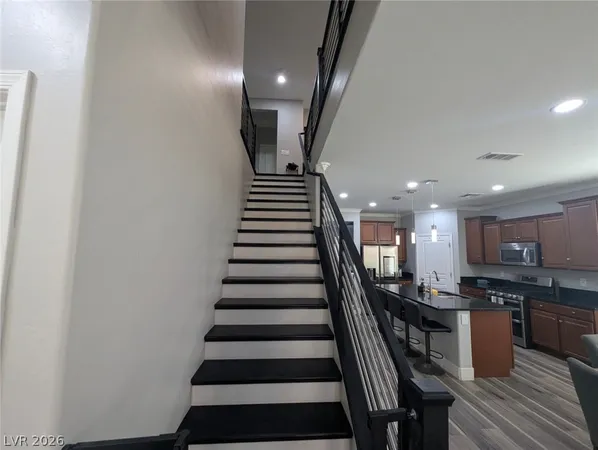 $575,000 | 11009 Prairie Grove Road, Las Vegas, NV 89179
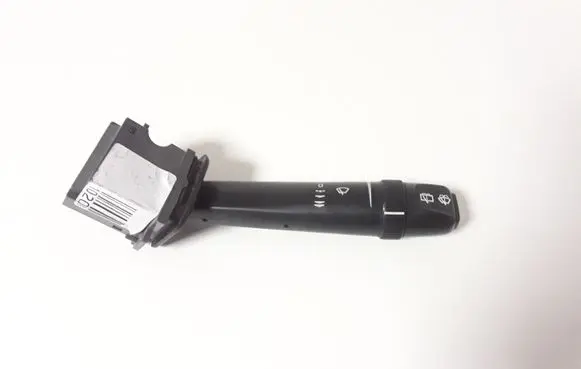 Volvo XC90 Wiper control stalk 9452391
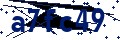 Code de sécurité
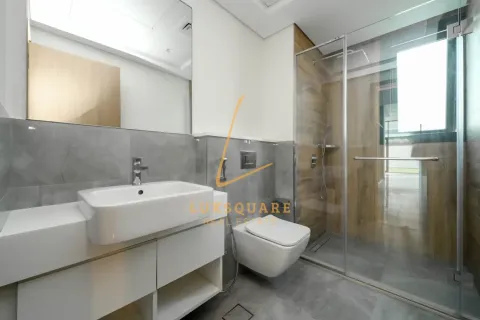 Villa in Murooj Al Furjan, Al Furjan, Dubai 4 bedrooms, 548 sq.m. № 94316 - photo 28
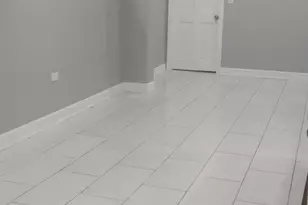 5111 W Potomac Ave, Chicago, IL 60651 - Photo 12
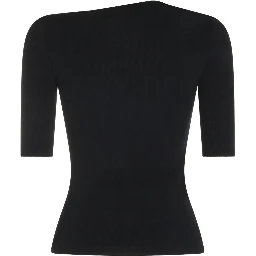 MM6 Maison Margiela Top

• TASK DETAILS
Write out the material above again, word for word, minus its pictures.

• REPLY TO THE TASK
 $575,000 | 11009 Prairie Grove Road, Las Vegas, NV 89179
 Volvo XC90 Wiper control stalk 9452391
 Code de sécurité
 Villa in Murooj Al Furjan, Al Furjan, Dubai 4 bedrooms, 548 sq.m. № 94316 - photo 28
 5111 W Potomac Ave, Chicago, IL 60651 - Photo 12
 MM6 Maison Margiela Top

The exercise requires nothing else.